Write the records out once more, so that nothing differs from the original.
Data for this exercise Block Start
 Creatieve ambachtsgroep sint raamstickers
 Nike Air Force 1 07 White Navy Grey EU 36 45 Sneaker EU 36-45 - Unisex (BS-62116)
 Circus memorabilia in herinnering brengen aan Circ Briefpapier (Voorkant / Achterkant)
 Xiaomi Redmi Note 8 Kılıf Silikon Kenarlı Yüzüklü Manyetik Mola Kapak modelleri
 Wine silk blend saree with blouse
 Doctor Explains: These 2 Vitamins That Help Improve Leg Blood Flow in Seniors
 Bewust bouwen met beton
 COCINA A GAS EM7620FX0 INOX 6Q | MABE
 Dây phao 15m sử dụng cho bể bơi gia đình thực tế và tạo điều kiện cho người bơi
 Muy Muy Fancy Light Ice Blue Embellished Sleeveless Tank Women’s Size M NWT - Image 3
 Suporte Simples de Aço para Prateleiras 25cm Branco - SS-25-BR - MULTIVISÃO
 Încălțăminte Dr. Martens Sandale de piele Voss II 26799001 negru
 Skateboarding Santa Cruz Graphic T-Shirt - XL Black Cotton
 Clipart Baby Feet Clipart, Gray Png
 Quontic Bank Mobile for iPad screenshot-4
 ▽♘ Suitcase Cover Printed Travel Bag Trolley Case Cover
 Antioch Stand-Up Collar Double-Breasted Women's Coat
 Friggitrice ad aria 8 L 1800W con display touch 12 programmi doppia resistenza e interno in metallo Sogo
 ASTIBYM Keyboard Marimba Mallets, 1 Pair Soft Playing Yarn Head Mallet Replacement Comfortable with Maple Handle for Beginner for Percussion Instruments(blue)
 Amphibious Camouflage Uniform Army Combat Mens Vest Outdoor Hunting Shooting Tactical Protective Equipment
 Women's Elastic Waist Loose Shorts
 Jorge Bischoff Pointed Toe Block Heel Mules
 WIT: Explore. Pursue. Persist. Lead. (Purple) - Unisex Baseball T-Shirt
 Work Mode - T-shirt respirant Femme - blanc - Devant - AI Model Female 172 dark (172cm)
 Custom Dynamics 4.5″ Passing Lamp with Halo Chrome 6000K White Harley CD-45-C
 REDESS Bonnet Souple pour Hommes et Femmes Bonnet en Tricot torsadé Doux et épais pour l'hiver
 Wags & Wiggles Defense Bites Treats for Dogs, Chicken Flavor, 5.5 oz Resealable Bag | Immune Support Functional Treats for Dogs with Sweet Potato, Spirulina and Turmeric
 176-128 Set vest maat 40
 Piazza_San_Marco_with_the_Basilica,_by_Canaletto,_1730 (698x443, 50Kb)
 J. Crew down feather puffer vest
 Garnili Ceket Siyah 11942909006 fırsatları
Data for this exercise Block End
▶ _Exercise answer_:
 Creatieve ambachtsgroep sint raamstickers
 Nike Air Force 1 07 White Navy Grey EU 36 45 Sneaker EU 36-45 - Unisex (BS-62116)
 Circus memorabilia in herinnering brengen aan Circ Briefpapier (Voorkant / Achterkant)
 Xiaomi Redmi Note 8 Kılıf Silikon Kenarlı Yüzüklü Manyetik Mola Kapak modelleri
 Wine silk blend saree with blouse
 Doctor Explains: These 2 Vitamins That Help Improve Leg Blood Flow in Seniors
 Bewust bouwen met beton
 COCINA A GAS EM7620FX0 INOX 6Q | MABE
 Dây phao 15m sử dụng cho bể bơi gia đình thực tế và tạo điều kiện cho người bơi
 Muy Muy Fancy Light Ice Blue Embellished Sleeveless Tank Women’s Size M NWT - Image 3
 Suporte Simples de Aço para Prateleiras 25cm Branco - SS-25-BR - MULTIVISÃO
 Încălțăminte Dr. Martens Sandale de piele Voss II 26799001 negru
 Skateboarding Santa Cruz Graphic T-Shirt - XL Black Cotton
 Clipart Baby Feet Clipart, Gray Png
 Quontic Bank Mobile for iPad screenshot-4
 ▽♘ Suitcase Cover Printed Travel Bag Trolley Case Cover
 Antioch Stand-Up Collar Double-Breasted Women's Coat
 Friggitrice ad aria 8 L 1800W con display touch 12 programmi doppia resistenza e interno in metallo Sogo
 ASTIBYM Keyboard Marimba Mallets, 1 Pair Soft Playing Yarn Head Mallet Replacement Comfortable with Maple Handle for Beginner for Percussion Instruments(blue)
 Amphibious Camouflage Uniform Army Combat Mens Vest Outdoor Hunting Shooting Tactical Protective Equipment
 Women's Elastic Waist Loose Shorts
 Jorge Bischoff Pointed Toe Block Heel Mules
 WIT: Explore. Pursue. Persist. Lead. (Purple) - Unisex Baseball T-Shirt
 Work Mode - T-shirt respirant Femme - blanc - Devant - AI Model Female 172 dark (172cm)
 Custom Dynamics 4.5″ Passing Lamp with Halo Chrome 6000K White Harley CD-45-C
 REDESS Bonnet Souple pour Hommes et Femmes Bonnet en Tricot torsadé Doux et épais pour l'hiver
 Wags & Wiggles Defense Bites Treats for Dogs, Chicken Flavor, 5.5 oz Resealable Bag | Immune Support Functional Treats for Dogs with Sweet Potato, Spirulina and Turmeric
 176-128 Set vest maat 40
 Piazza_San_Marco_with_the_Basilica,_by_Canaletto,_1730 (698x443, 50Kb)
 J. Crew down feather puffer vest
 Garnili Ceket Siyah 11942909006 fırsatları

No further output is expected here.